Web Analytics Trust People (once an Englishman in Philly): Islamist IS a dirty word

Tuesday, July 18, 2006

Islamist IS a dirty word

Faisal Bodi makes a brave effort in today's Guardian to defend the Muslim Council of Britain (MCB) against recent attacks that it is too radical and that it harbours militant Islamists whose views are entirely incompatible with the liberal democratic society we cherish in Britain. That he feels the need to come to its aid shows a huge U-turn from the former editor of "Ummah" and betrays a weakening in the Islamist cause in Britain.

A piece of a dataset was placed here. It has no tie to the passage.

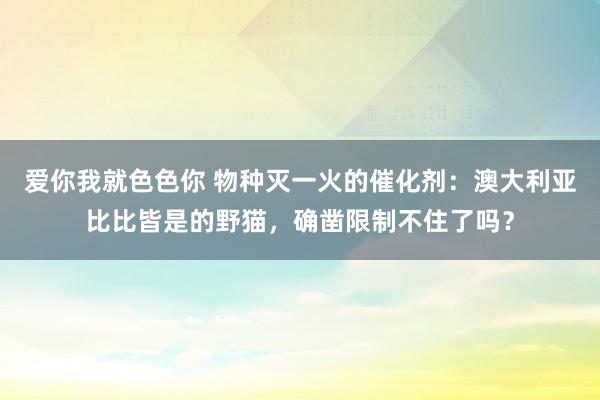 爱你我就色色你 物种灭一火的催化剂：澳大利亚比比皆是的野猫，确凿限制不住了吗？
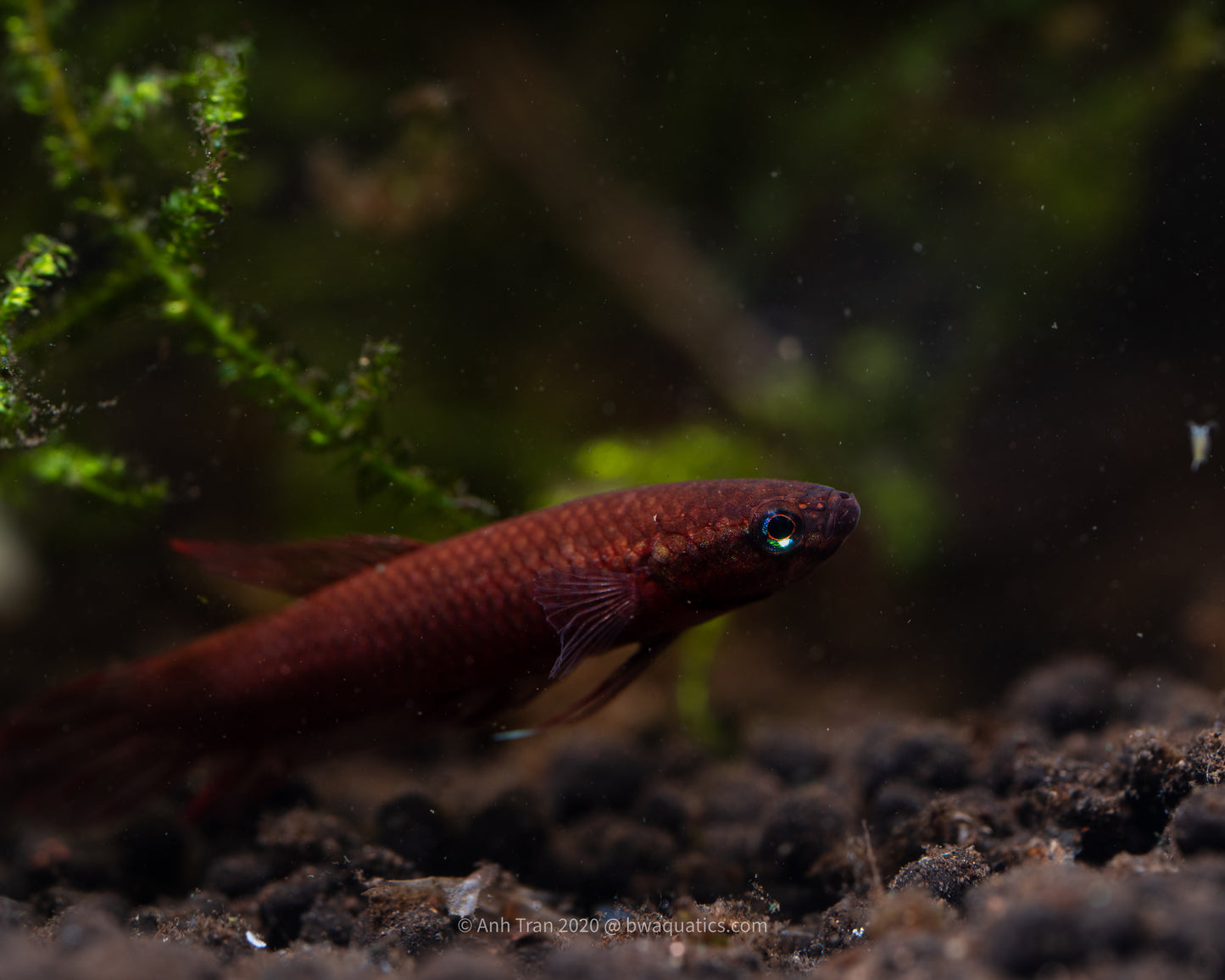 Betta sp. Wajok | Wild Betta Fish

The gist of his argument, should you not wish to wade through its detail (though, of course, you should) seems to be that the British establishment should embrace the MCB as it's the best way of engaging with Islamists; and engaging with the Islamists is the only way to make peace with militant Islam. Is here right? More to the point, as is often the case in discussions of alliances and hwo much prominence to give to certain mouthpieces, why does this help Mr Bodi's ends? To answer these we have to be very careful as to what we mean by Islamist.

The meaning I prefer, and which I believe is generally recognised, is those who wish to press for and see an Islamisation of Western procedures, principles and actions. Islamist ideologies hold that Islam is not only a religion but also a political system which should govern the social, legal and economic norms of the state in accordance with its interpretation of Islamic law. Islamic law being whatever that elite in charge say it is or should be. There's more on it here.

Bodi criticises the Home Office for weakening its links and efforts with Islamist groups. It should not have begun to build bridges with a more diverse range of bodies trying to represent Muslim communities who don't have such an aggressive and assertive brand of Islam, he says. After all, for all their failings, the MCB and its partners have helped persuade the Foreign Office of the necessity of engaging with Islamists. Why, though, does he see this as a good thing? Islamists are the dominant force for reform in most parts of the autocratic Muslim world, of course... Does he back this up with examples? No. Can he? Probably not, because whereever you look it is Islamists of a more or less assertive nature who are a real threat to the spread of freedom and democracy in the Muslim world. It is the Taliban in Afghanistan who harboured bin Laden on the original al'Qaida camp. It is militant Islamists in India who threaten the rule of law. It is the prospect of an Islamist government replacing the current incumbents in Syria which makes any action against Syria even less appealing. No quarter should be offered to those who wish to impose their views on us at the same time as overtures are made to moderate Muslims to help them reject oppressive Islamism and accept a diverse liberal democracy.

It seems from Bodi's article as if that approach is beginning to pay off though. Already the redoubt of defence for extreme Muslims has been shifted to arguing on behalf of the MCB, moderate Islamists, if such a combination is possible, rather than more extreme groups. Fascinatingly, back in 2002 Bodi was slating the MCB on the pages of the Guardian. "The MCB does not have any direct mandate from even a significant section of the Muslim community to represent it". He called the Council "unelected", "shunned" by "prominent regional organisations" and using his article for what the MCB itself described as "abusing his position to maliciously peddle falsehoods and distortions to further a personal agenda". Ignoring the obvious questions about whether such a slippery operator has anything to say of value or upon which we can rely in relation to the MCB, isn't it amazing that Bodi now transforms into its most ardent cheerleader? Anyone would think the worm was about to turn... Islamism is a dirty word. Now is the time to push home our advantage against it and further weaken its malign stranglehold on received Muslim opinion. We're clearly getting better at fighting back when the likes of Bodi have to so change their tune.